I feel that a lot gets lost when we compare film styles, even when they're applicable, and other ready-at-hand modes of descriptions fail us. It's easy to proclaim the next Vertigo in Decision to Leave, the next socially conscious Get Out, new Scorceses and Vardas and Wes Andersons. And in the case of Universal Language, I see that name tossed, Abbas Kiarostami and Jacques Tati (I was personally reminded of Weston Razooli's Riddle of Fire with its child protagonists and the whimsical subtitles).
Yet, often this is at the cost of eclipsing the unique identity a film can build through those influences and, for this especially, at outlining the defiant ideas it has on kindness and heartache in the space between spaces, between home and the Tim Hortons parking lot, between Tehran and Winnipeg.

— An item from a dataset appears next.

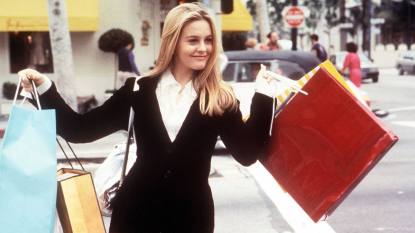 Woman holding shopping bags ; Alicia Silverstone movies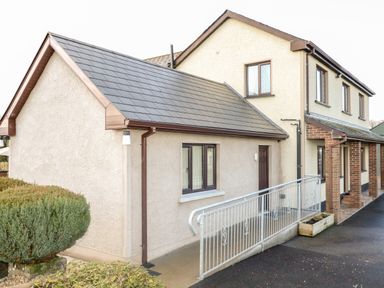 Exterior of a two-story house with a single-story extension and metal railing at Derriens Farmhouse in Letterbreen County Fermanagh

But it makes sense - after all, Universal Language is a hard film to describe with words and not your own eyeballs. Directed by Matthew Rankin from a screenplay by Rankin, Pirouz Nemati, and Ila Firouzabadi, the film splits into 4 cardinal directions interspersed within the idiosyncratic flavors of Canada's Iranian diaspora, their daily normal, their humdrum hustles and strange regulars. Two sisters on a quest to dig money out from the ice. A humble tour guide leading an increasingly irate group to the humble wonders of the Winnipeggian winterfrost. A Kleenex emporium. A boy's lost eyeglasses. A turkey on the bus. A man home to see his estranged mother. Through it, each moves in silence through the other's, a snapshot of the wider tapestry of our lives that we weave together; it's a small world after all, and here the ineffable feeling of it is captured on celluloid.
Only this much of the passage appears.